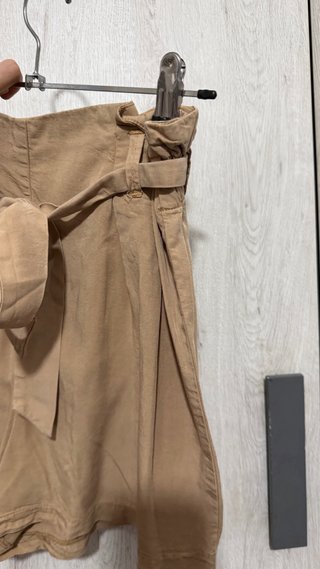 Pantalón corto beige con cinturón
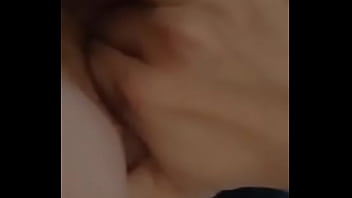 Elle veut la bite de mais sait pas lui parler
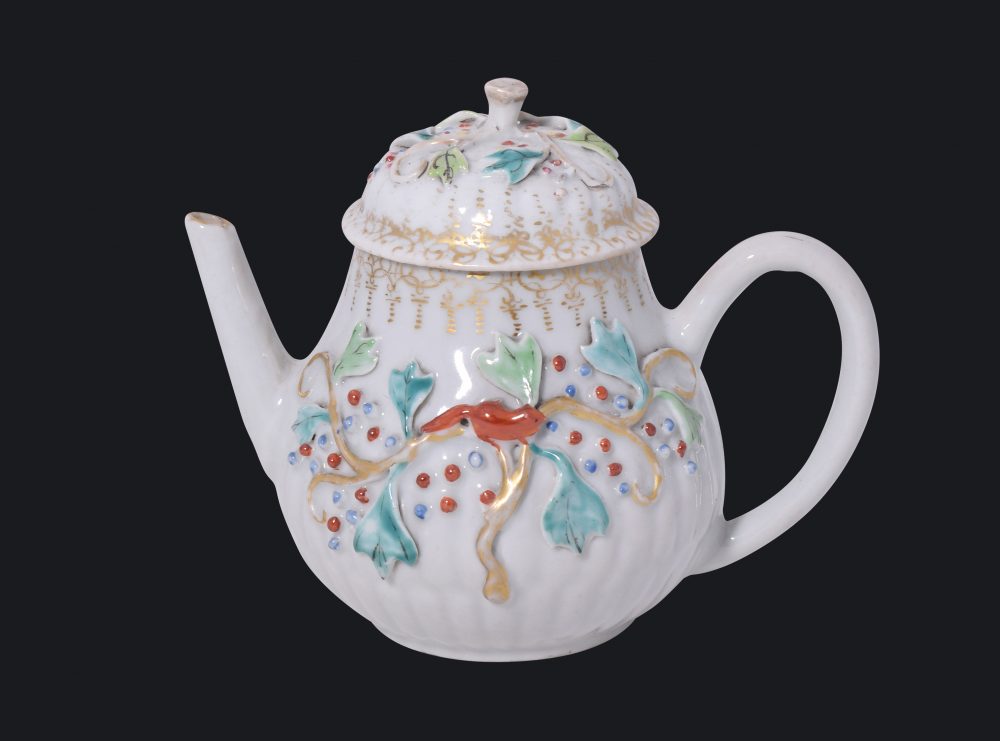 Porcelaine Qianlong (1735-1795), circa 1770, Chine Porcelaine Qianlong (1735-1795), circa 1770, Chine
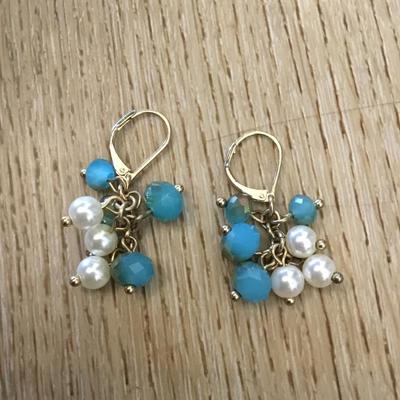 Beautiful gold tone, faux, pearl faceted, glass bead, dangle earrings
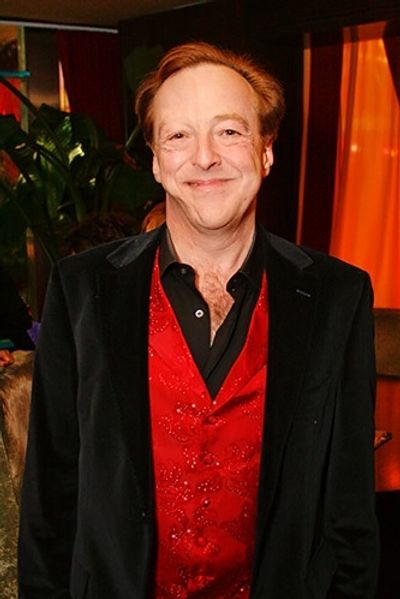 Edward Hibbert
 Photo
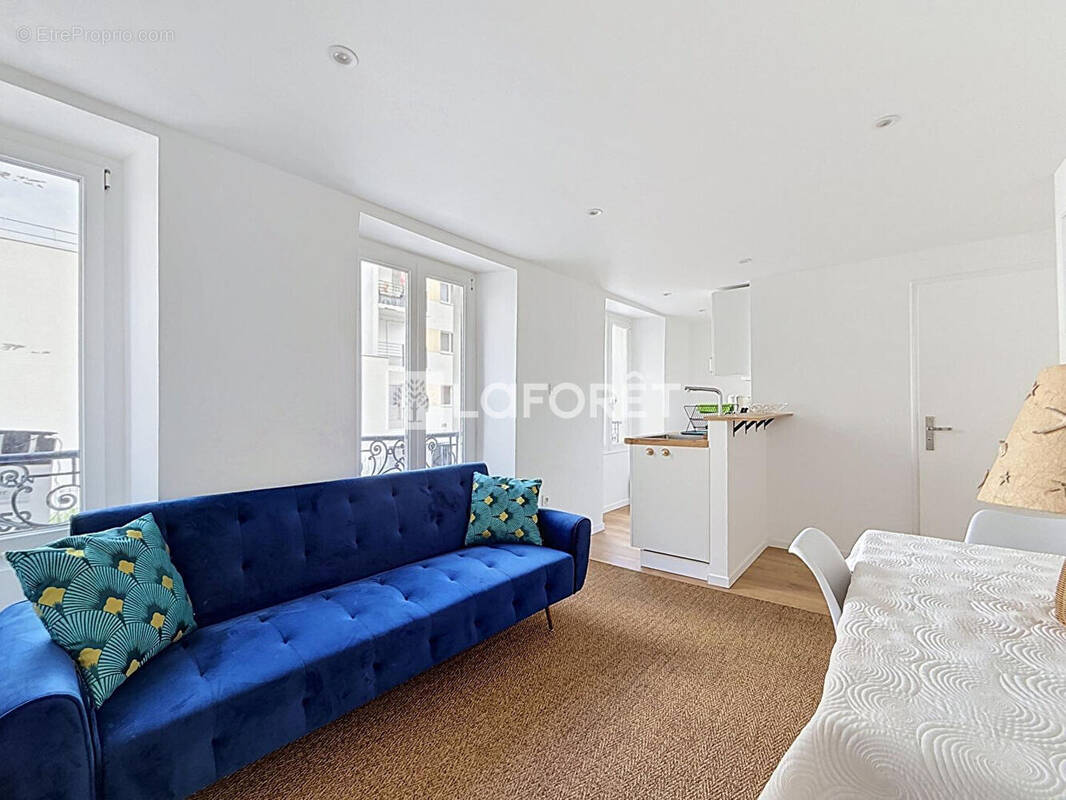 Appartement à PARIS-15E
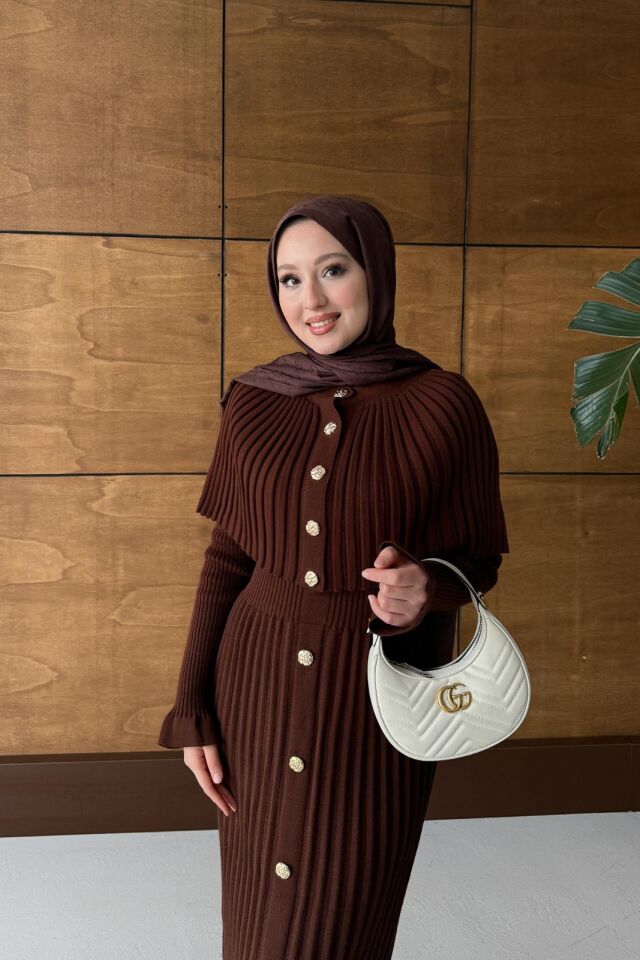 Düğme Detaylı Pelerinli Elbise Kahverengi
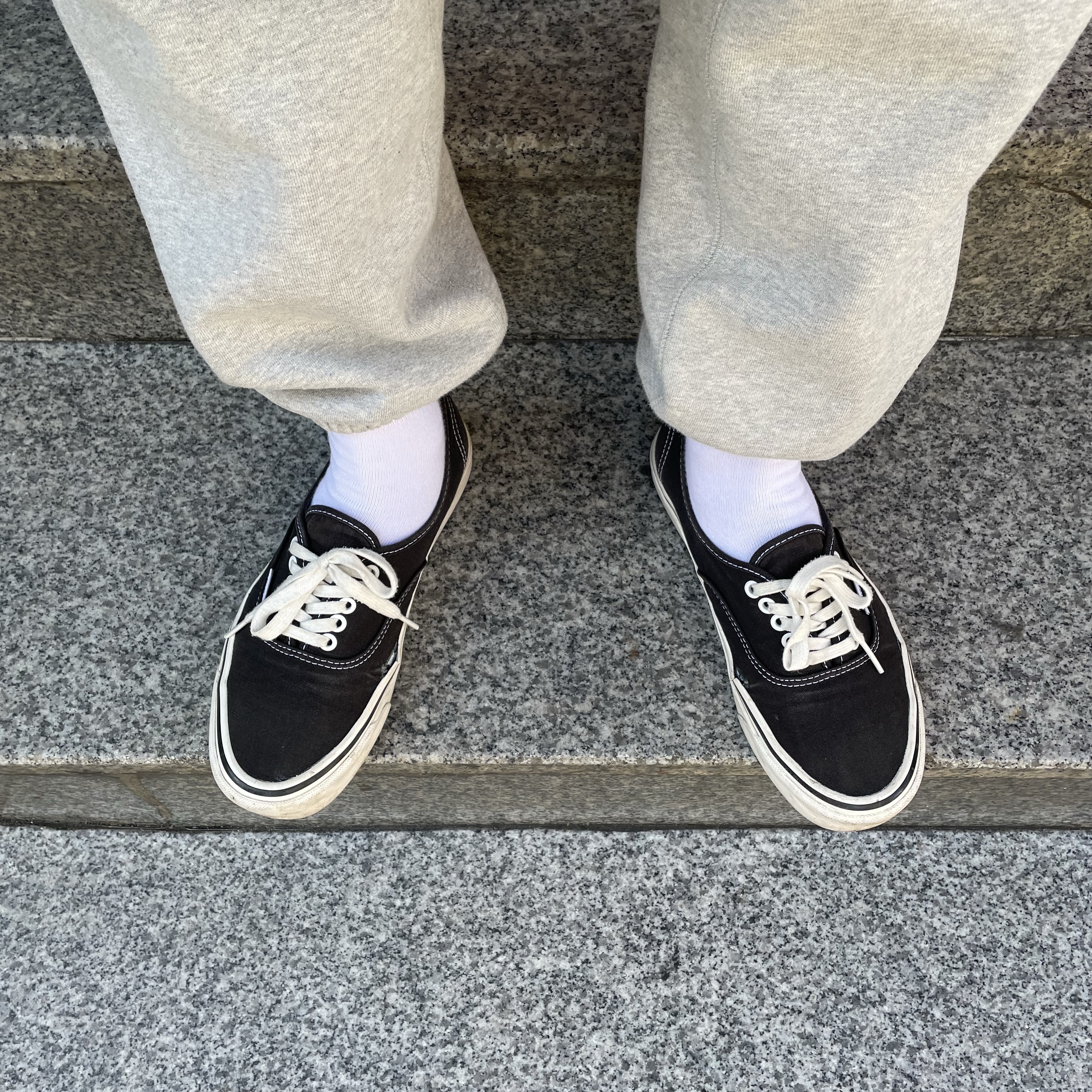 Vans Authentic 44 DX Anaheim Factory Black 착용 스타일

• ABOUT THIS EXERCISE: Copy out exactly the lines that begin at the line with "Appartement à PARIS-15E" and end at the final line of the entries above. Leave out the pictures.

• WRITTEN RESPONSE:
 Appartement à PARIS-15E
 Düğme Detaylı Pelerinli Elbise Kahverengi
 Vans Authentic 44 DX Anaheim Factory Black 착용 스타일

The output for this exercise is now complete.